Exercise inputs =
------------------------------------------------------------

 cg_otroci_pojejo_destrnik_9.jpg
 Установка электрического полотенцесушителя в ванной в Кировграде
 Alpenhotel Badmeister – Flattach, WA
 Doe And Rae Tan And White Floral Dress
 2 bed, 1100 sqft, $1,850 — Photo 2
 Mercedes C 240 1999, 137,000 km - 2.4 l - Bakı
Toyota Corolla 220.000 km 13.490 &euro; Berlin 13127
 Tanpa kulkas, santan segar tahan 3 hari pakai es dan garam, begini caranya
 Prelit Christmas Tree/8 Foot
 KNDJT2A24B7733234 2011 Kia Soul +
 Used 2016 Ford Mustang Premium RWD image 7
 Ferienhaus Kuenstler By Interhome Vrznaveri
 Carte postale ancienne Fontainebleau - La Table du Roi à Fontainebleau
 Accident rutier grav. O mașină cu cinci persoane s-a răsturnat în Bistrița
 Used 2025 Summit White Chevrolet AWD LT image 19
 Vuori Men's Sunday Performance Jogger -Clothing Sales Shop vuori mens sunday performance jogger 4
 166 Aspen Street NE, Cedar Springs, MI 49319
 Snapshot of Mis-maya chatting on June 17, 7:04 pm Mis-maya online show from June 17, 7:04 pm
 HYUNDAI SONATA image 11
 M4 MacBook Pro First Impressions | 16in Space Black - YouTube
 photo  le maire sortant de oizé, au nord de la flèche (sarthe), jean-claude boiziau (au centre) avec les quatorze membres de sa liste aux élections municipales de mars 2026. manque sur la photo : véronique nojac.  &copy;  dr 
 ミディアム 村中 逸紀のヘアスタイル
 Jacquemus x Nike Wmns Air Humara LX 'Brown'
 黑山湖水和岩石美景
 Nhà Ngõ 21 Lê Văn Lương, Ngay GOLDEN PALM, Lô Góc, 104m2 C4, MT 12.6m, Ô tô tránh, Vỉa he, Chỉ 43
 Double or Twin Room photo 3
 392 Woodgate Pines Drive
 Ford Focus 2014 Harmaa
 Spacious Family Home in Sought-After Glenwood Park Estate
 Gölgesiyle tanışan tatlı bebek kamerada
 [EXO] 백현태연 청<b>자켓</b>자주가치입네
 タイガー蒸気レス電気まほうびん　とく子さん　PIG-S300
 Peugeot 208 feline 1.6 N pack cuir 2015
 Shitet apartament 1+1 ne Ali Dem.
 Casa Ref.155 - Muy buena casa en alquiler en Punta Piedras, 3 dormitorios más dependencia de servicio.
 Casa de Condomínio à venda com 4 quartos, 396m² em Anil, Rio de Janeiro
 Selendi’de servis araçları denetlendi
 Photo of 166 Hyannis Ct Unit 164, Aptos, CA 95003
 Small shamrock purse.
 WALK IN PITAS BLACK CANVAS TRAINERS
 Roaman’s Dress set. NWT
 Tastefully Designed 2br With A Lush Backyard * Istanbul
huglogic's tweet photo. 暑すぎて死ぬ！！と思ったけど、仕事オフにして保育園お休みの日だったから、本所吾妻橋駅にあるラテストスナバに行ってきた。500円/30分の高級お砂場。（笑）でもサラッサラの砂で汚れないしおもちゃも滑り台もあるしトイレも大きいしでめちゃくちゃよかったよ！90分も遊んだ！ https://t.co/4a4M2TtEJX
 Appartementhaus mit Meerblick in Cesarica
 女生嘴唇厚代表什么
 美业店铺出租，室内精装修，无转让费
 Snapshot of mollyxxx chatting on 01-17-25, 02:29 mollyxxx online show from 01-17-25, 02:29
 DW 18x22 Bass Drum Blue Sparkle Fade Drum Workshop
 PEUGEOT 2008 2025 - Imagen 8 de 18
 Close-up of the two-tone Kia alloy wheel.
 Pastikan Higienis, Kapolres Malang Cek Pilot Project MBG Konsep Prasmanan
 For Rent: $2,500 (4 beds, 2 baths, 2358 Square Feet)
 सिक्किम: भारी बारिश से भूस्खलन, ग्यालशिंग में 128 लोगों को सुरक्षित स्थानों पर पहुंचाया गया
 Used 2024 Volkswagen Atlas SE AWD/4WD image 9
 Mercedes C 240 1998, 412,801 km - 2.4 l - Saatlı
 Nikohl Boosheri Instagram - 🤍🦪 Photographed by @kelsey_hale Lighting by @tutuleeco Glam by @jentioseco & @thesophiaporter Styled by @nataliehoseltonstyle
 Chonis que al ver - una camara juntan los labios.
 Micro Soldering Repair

------------------------------------------------------------

Would you please filter the lines above and copy every one that includes "Mercedes"?

 Mercedes C 240 1999, 137,000 km - 2.4 l - Bakı
 Mercedes C 240 1998, 412,801 km - 2.4 l - Saatlı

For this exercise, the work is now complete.